In August, Myers had proposed eliminating the non-expendable trust fund and placing its funds, as well as funds from the capital-improvement fund and park and stormwater fund, into the city’s general fund.

With the approval of the annual-appropriation note, however, Myers said the non-expendable trust fund is needed.

Because the city would have to reimburse the non-expendable trust fund with any funds possibly taken out of it during the year, Ward 3 Alderman Gregg Roby questioned last week whether placing the settlement revenue in the non-expendable trust fund is the best option.

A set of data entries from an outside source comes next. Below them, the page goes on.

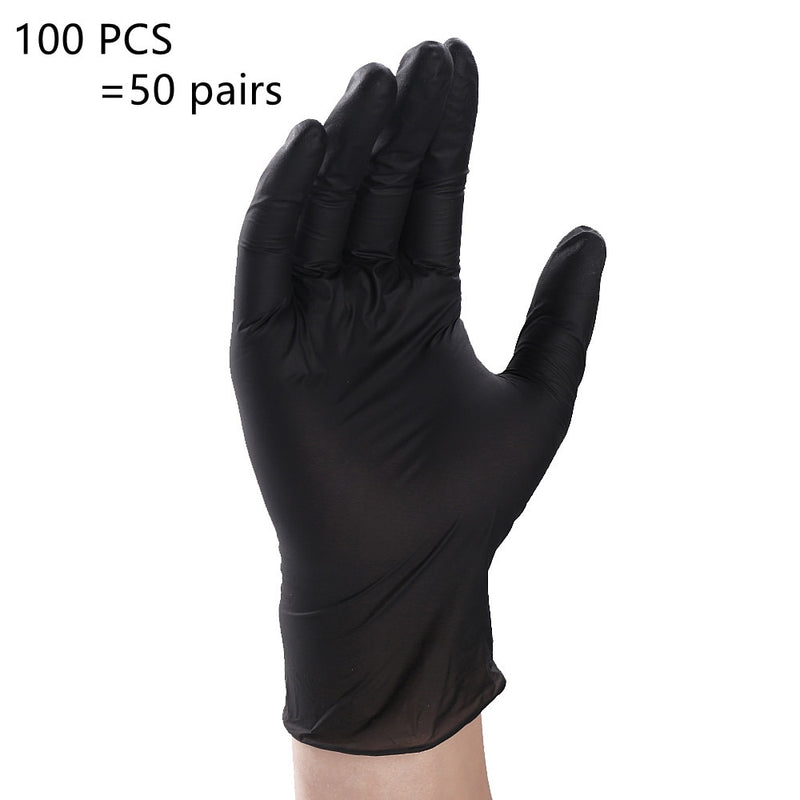 Black Disposable Chemical Resistant Rubber Nitrile Latex Work Housework Kitchen Home Cleaning Car Repair Tattoo Car Wash Gloves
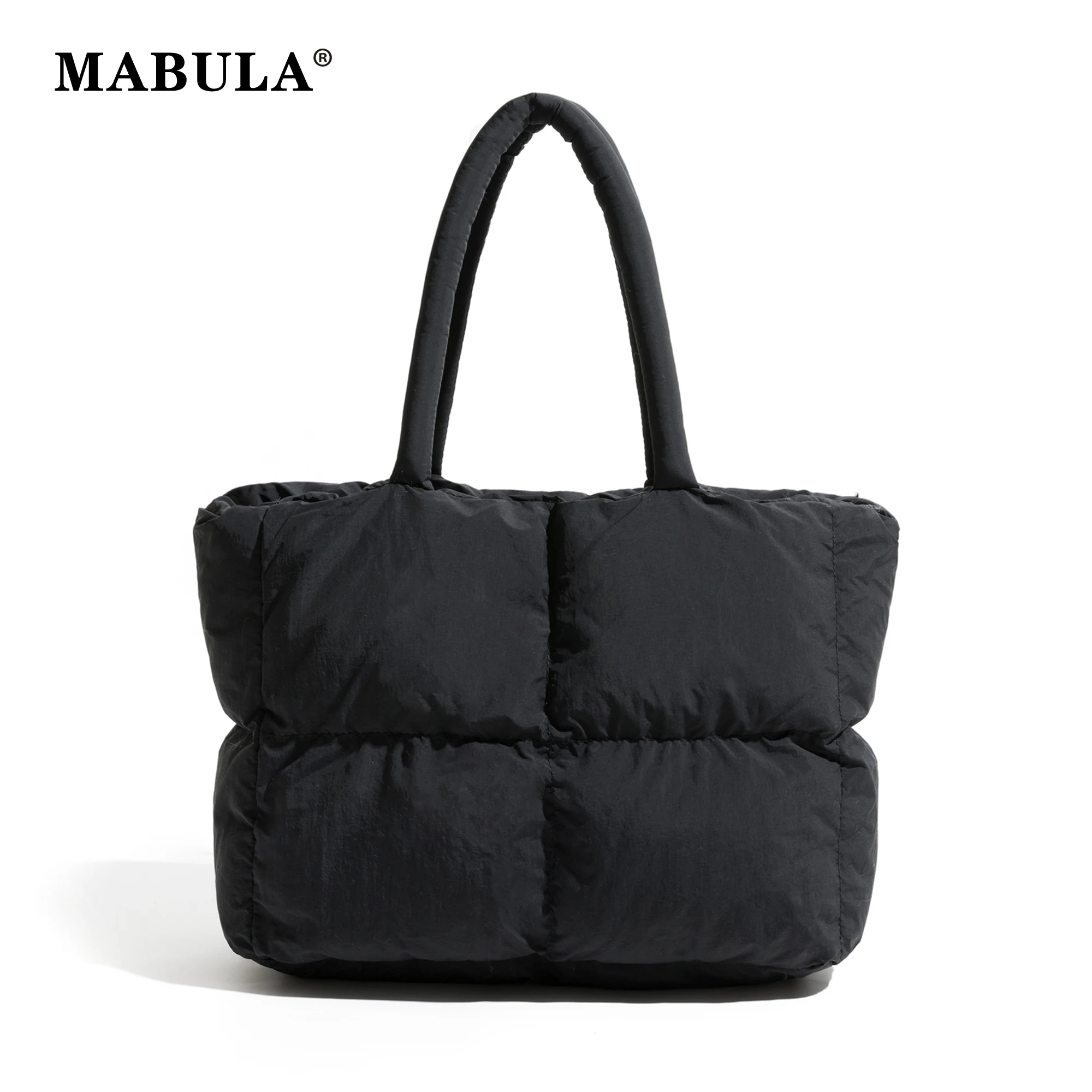 MABULA Quilted Puffer Bag for Women Japanese Simple Cotton Padded Tote Handbag Big Casual Pillow Work Purse Winter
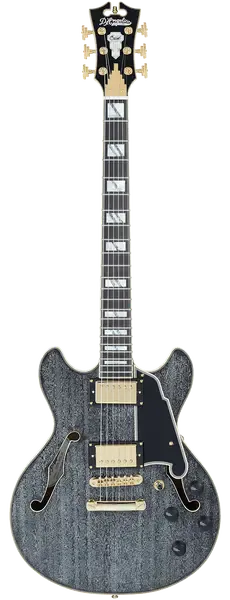 Электрогитара полуакустическая D'Angelico Excel Mini DC Semi-Hollow Humbuckers Stopbar Black Dog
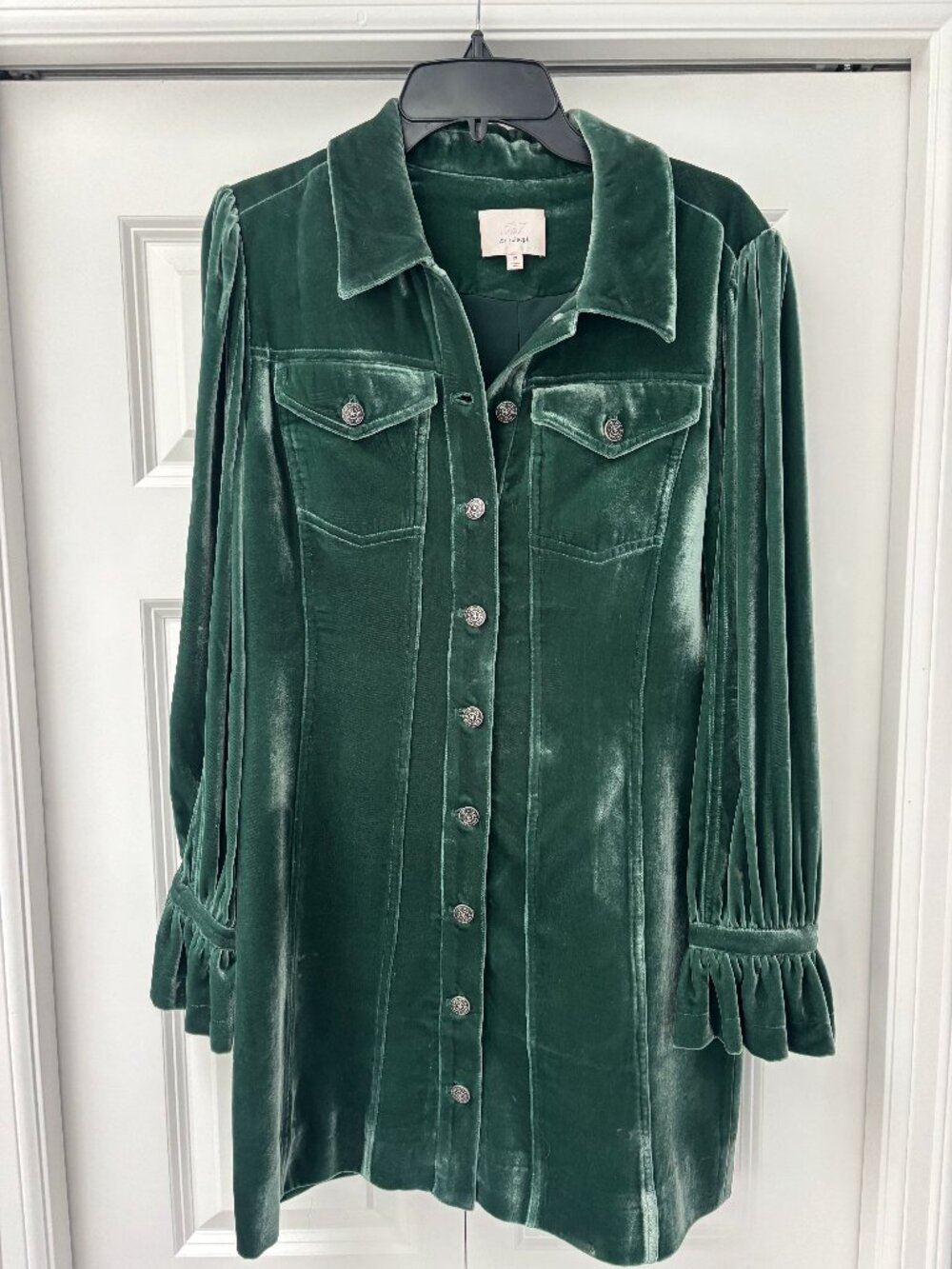 Cinq a Sept Dillon Green Velvet Dress Size 10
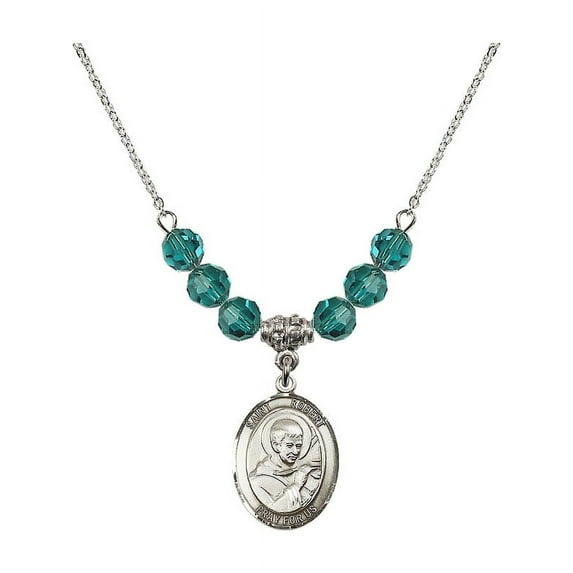 18-Inch Rhodium Plated Necklace with 6mm Blue December Birth Month Stone Beads and Saint Robert Bellarmine Charm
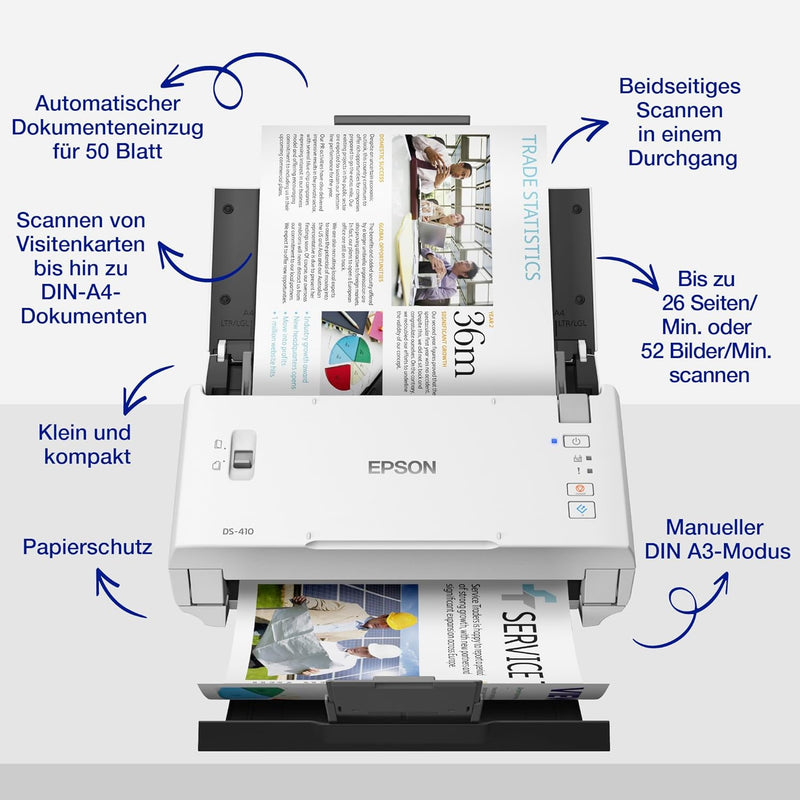 Epson WorkForce DS-410 Dokumentenscanner (Scanner, DIN A4, beidseitiges Scannen in einem Durchgang,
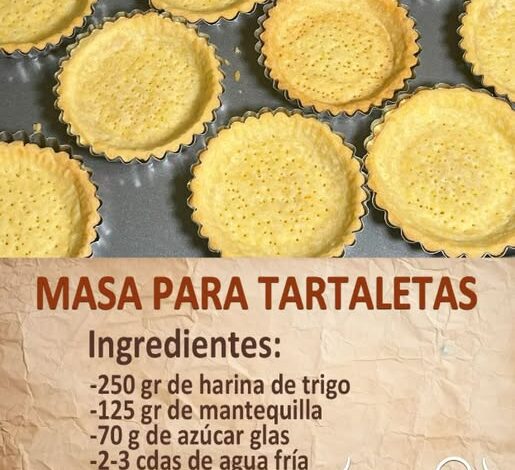 MASA PARA TARTALETAS MASA PARA TARTALETAS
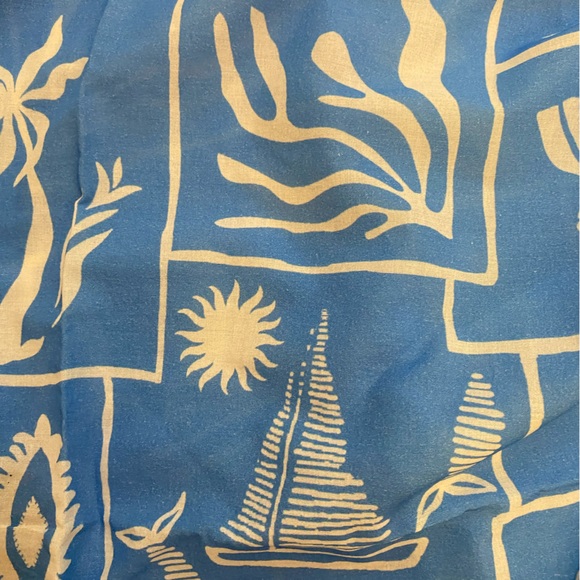 NWT Celandine Blue and White Nautical Printed Cotton Tie-On Sarong Cover-up, OS - Picture 8 of 9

“My concern is I think with the non-expendable trust, though, the intention was that any money that we borrowed out of that, we would pay back at the end of the year,” Roby said. “And I’m just concerned if we put that money in and then sales taxes or whatever were to decline substantially and we did not have the money to replenish that account, there would be, obviously not a legal issue, but somewhat of an issue that we had promised to the citizens of Crestwood that this is the way this fund was going to be handled. And I would prefer if it wasn’t in the non-expendable trust simply for that reason. If we can’t promise we’re going to put it back, I would prefer that it didn’t go in.”

Mayor Roy Robinson told Roby that he is confident that the city can appropriate any funds back into the non-expendable trust fund if needed by the end of the year.

“I see no reason why we can’t promise that it will go back,” Robinson said. “It’s by ordinance when it says you cannot use it for anything else. If we borrow our own money, there’s no reason why it can’t be put back because we’re doing it for a short-term-fund revenue source. So I don’t think you’re going to have to worry about that.”

Board President Jerry Miguel of Ward 3 proposed during last week’s Board of Aldermen meeting that the transfer of settlement funds to the non-expendable trust fund should be delayed until the administration has presented an outline of each of the city’s accounts to aldermen.

“I don’t really have a good understanding of the non-expendable trust,” Miguel said. “I know that there are ordinances behind it. If it is essentially a cash-reserve fund, then perhaps we ought to call it a cash-reserve fund. It seems to me that we have, I believe, it’s about 14 different checking accounts in the city. Rather than make decisions as they come to this board, we need to take a step back and look at the big picture.

“We have a designated fund, we have the non-expendable trust, we have several other accounts, checking accounts. And I really do not have a good grasp on what each of them is intended to accomplish. Beyond that, we ask our auditors to give us a breakdown of what is all in the non-governmental funds. That information was recently made available to the administration,” he continued.

“And there are several accounts in there again, which I do not have a clear understanding as far as what they are or what the purpose are these accounts for. So I would be in favor of asking the administration to put together an outline of what the purpose of each of the accounts, each of the checking accounts and each of our funding accounts, what their purpose is and what goes in and out of each account, present that to Ways and Means Committee and from there present it to the board. So unless there is some immediate urgency to move these funds out of the general fund, I would prefer to take that approach rather than take a piecemeal approach as we, in my opinion, are doing here this evening,” Miguel said.